Publié le 12/01/2009 par emilie dans Dossiers - 8 commentaires

L’encre a beaucoup coulé sur la série serial experiments lain. Les théories sur son identité, sa naissance, ses créateurs, etc… sont légions sur la toile. Il reste cependant d’autres points intéressants dans cette série qui sont moins abordés, notamment le fait que Lain illustre un état à la fois captivant et délicat  : l’adolescence.

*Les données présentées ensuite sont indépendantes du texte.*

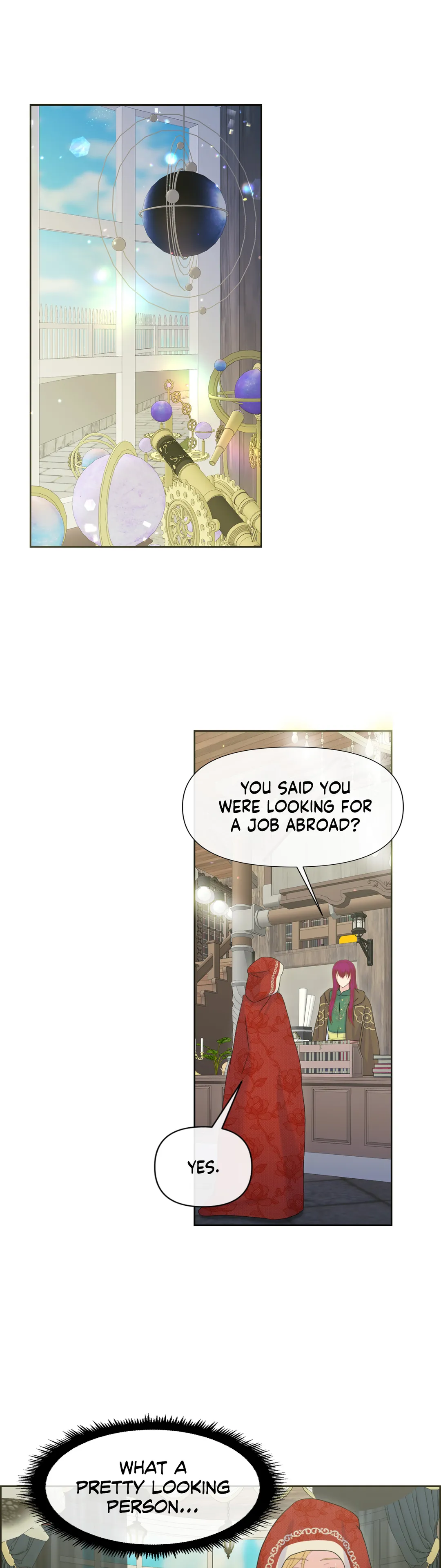 Royal Redemption Chapter 18 page 34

I- De la chenille à la chrysalide – Séparation d’avec les parents –

Bien que Lain ait déjà 14 ans au début de la série, elle est encore une enfant et se comporte comme telle. Sa chambre est pauvre en décoration et n’abrite quasiment que des peluches. On la voit s’y mouvoir emmitouflée dans son pyjama en forme d’ours en peluche qui lui sert de refuge face au monde extérieur, parfois aussi munie de chaussons à l’effigie d’ours eux aussi. La situation est la même à l’école, Lain vit en décalage par rapport à ses camarades : ses amies sortent le soir et s’habillent de façon féminine alors que cela importe peu à Lain qui ne prête pas attention à ses vêtements. Ceci est bien illustré au moment où elle trouve une lettre dans son casier, alors que Julie et Reika la lui piquent et ouvrent la lettre en croyant que c’est une lettre d’amour : Lain ne réagit pas du tout, ça l’indiffère. Enfant dans sa tête, elle ne se rend pas compte que les deux filles empiètent de manière irrespectueuse sur sa vie privée.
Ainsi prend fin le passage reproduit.